Longtime Sylvania inn is definitely a roadside attraction

4/18/2013
BILL OF FARE
  • po-boy-village

    Pulled Pork Po Boy from the Village Inn.

  • The Village Inn in Sylvania.
    The Village Inn in Sylvania.

    The big wooden beams that hold up the Village Inn in Sylvania are appropriate metaphors for the restaurant's niche: solid, dependable bar food in an unassuming atmosphere that's big on comfort and low on pretense.

    Billed as Sylvania's "original roadhouse" at 4984 Holland-Sylvania Rd., the 72-year-old V.I. attracts families, after-work beer drinkers, motorcycle enthusiasts, elderly folks, softball players chilling out after a game, golfers knocking down a post-round pizza, young adults out for the night, and the lunch, breakfast, and dinner crowds.

    Live music is featured on weekend nights and the patio includes an outdoor grill, a covered area that seems more aimed for the drinking crowd, and plenty of room to let loose and relax.

    The Village Inn Menu 

    The Village Inn: ★★★
    Address: 4984 Holland-Sylvania, Rd., Sylvania, OH
    Phone: 419-882-0338
    Category: Casual
    Menu: American
    Hours: 11 a.m. to 11 p.m. Monday; 7 a.m. to 11 p.m. Tuesday through Thursday; 7 a.m. to 1 a.m. Friday and Saturday; 8 a.m. to 11 p.m. Sunday
    Reservations: Yes
    Wheelchair access: Yes
    Average Price: $$
    Credit Cards: AE, Dis, MC, V
    Web site: www.viroadhouse.com

    For example, we tried the 14-ounce strip steak ($14.99) and it was a decent cut of meat, flavored a bit too heavily with salt. No doubt it didn't match up with the more expensive options at renowned local steak houses, but theirs aren't 15 bucks either.

    The sweet potato fries were a bit over done, but the regular fries that came with my dinner partner's half slab of ribs ($12.99) were addictive. The ribs featured a homemade barbecue sauce that was sweet and a little zingy. A side of mac and cheese was hot and creamy and about as comforting as mom's.

    A calzone ($9.49) came stuffed with big jalapeno peppers and Italian sausage that formed a powerful one-two taste combination. We weren't drinking, but this big doughy concoction was heavy on the hot spices and begged for a beer to wash it down.

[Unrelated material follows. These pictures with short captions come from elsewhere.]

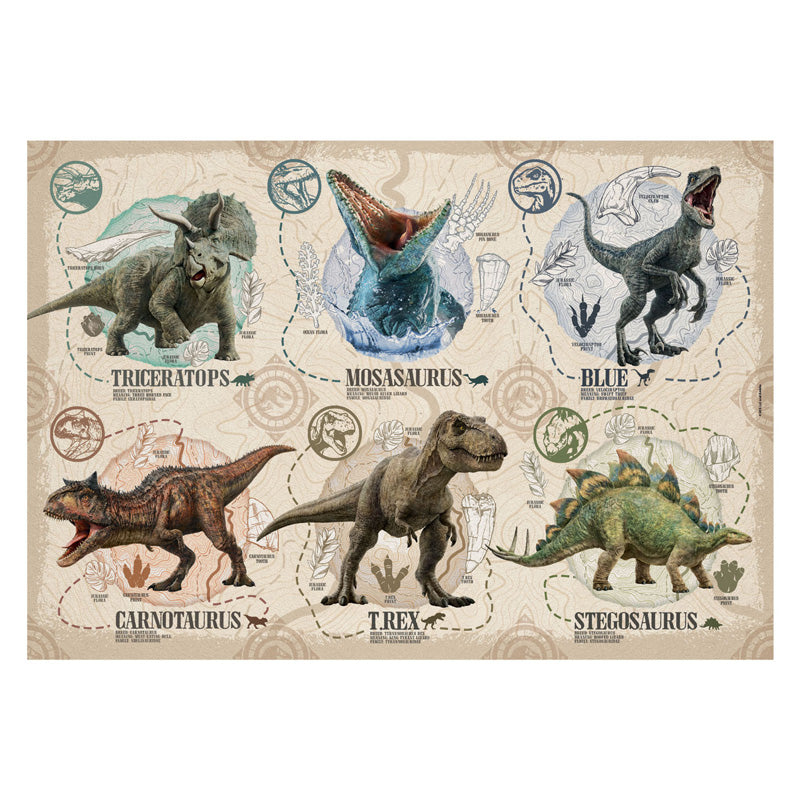 Clementoni jigsaw puzzle super color jurassic world, 104 pcs.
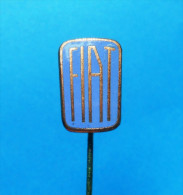 FIAT - Italy Car (  Vintage Enamel Pin ) Badge Truck Camion LKW Automobile Auto Autos Anstecknadel Distintivo Italia - Fiat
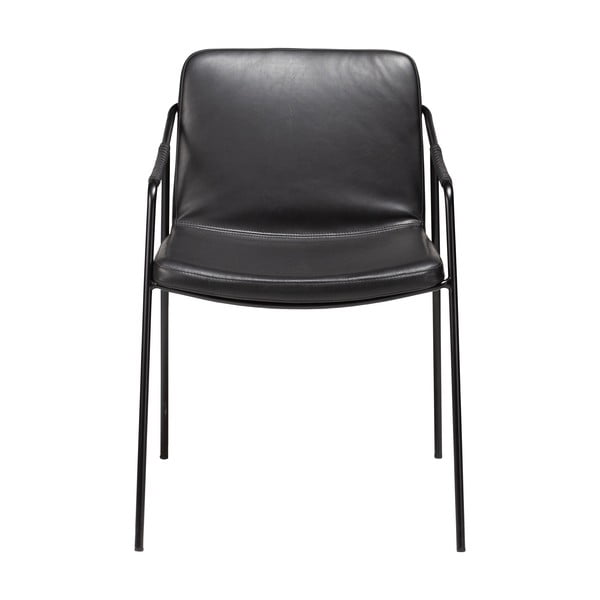 Boto fekete bőrutánzat étkezőszék - DAN-FORM Denmark-image-1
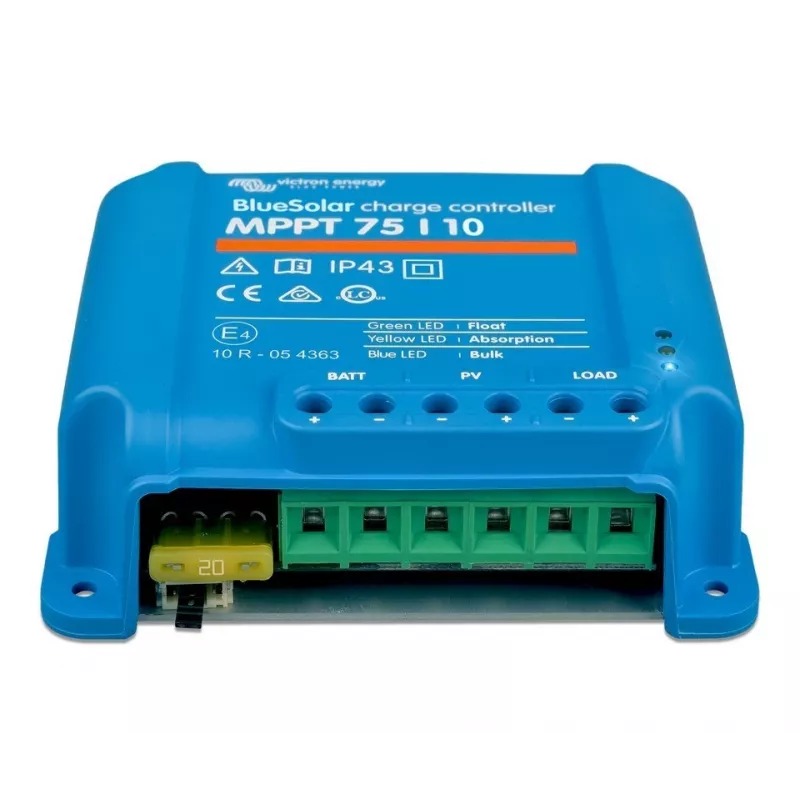 BlueSolar PWM-LCD&USB 12/24V 10A saulės įkrovimo valdiklis, Victron Energy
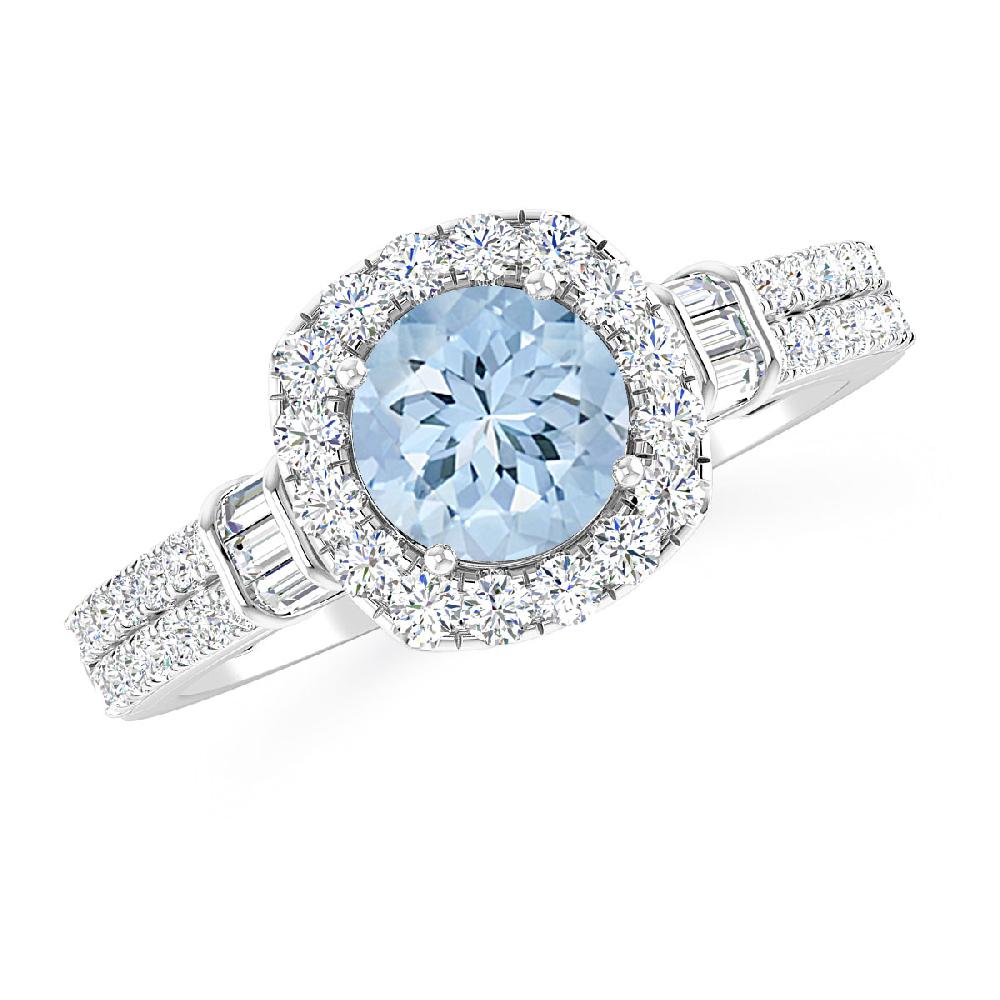 White Gold - Aquamarine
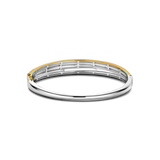 Zirconia Crossover Bangle Bicolor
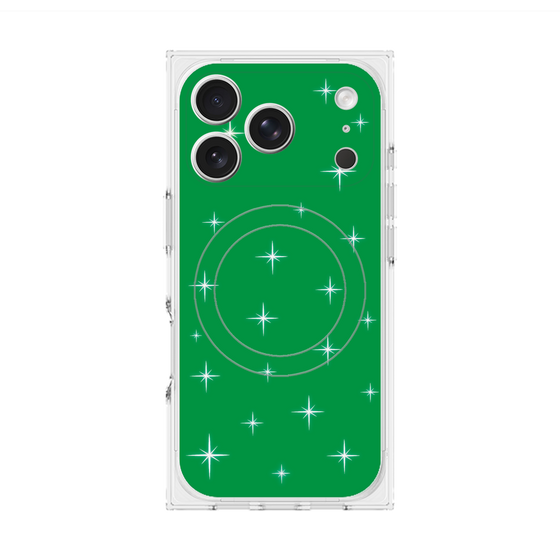 Premium Square Case with MagSafe［ Glitter - Green ］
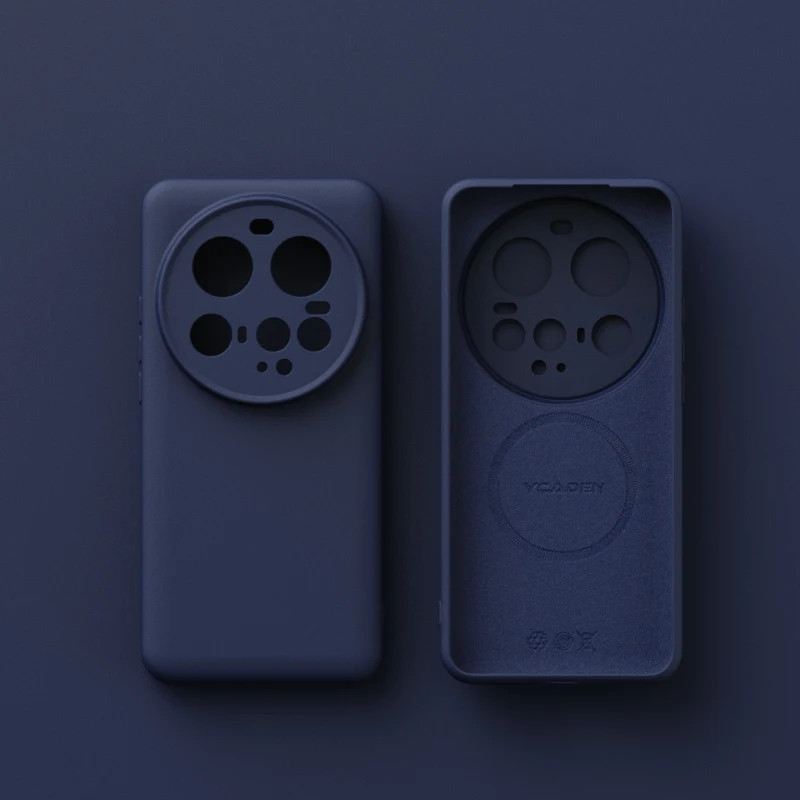 Magnetic MagSafe Solid Color Phone Case with Camera Protection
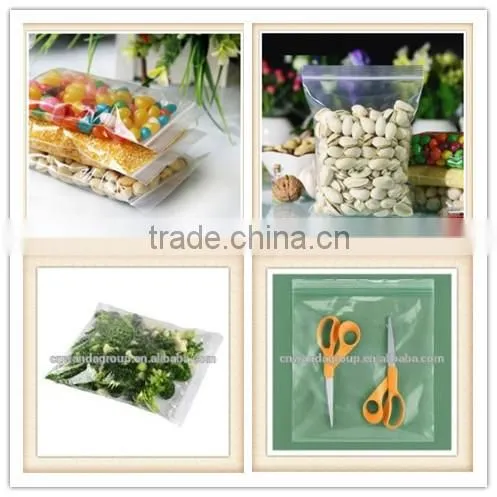 wholesale zlb-97 40X32mm Jewelry Ziplock Zipped Lock Reclosable Plastic Poly Clear Bags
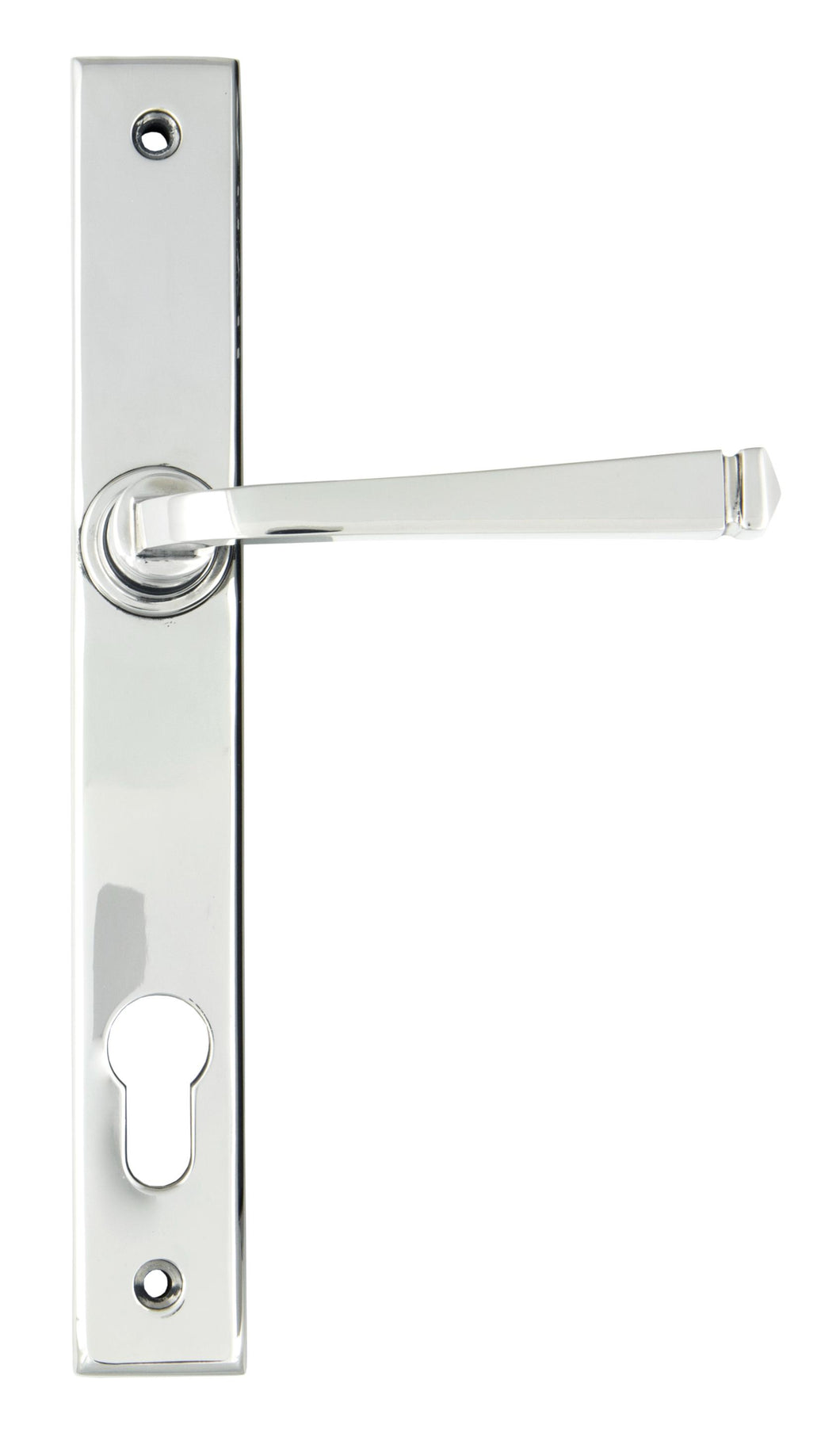 90355 Polished Chrome Avon Slimline Lever Espag. Lock Set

    The food is good, but it's also what you would expect, and hyperbole wouldn't do it justice because expectations should be measured.

    Lunch featured one of the Village Inn's burgers that I spruced up with swiss cheese and sauteed mushrooms and onions ($8.29). The meat was served on a big fresh kaiser bun and potato chips were on the side.

    Pulled Pork Po Boy from the Village Inn.
    Pulled Pork Po Boy from the Village Inn.

    A house tossed salad ($3.99) was a big, fresh pile of lettuce with carrots, celery, broccoli (nice touch) cucumbers, red onions, and croutons, which allowed you to get your green on in a most excellent and healthy fashion. If you're a salad person this is highly recommended.

    We also ordered the Po Boy of the month ($9.99), which was pulled pork, smothered in cheese and finished with barbecue sauce. It took two hands to handle this monster, but it was worth the effort.

    The restaurant's menu is loaded with other bar food options ranging from nachos to chicken wings, pizza, various sandwiches, and other larger entrees.

    The Village Inn also serves breakfast beginning at 7 a.m. Tuesday through Saturday and 8 a.m. on Sundays.

    The restaurant is owned by the T-Town Boys, a local business group that also owns or operates Nick & Jimmy's Bar and Grill and Basin St. Grille.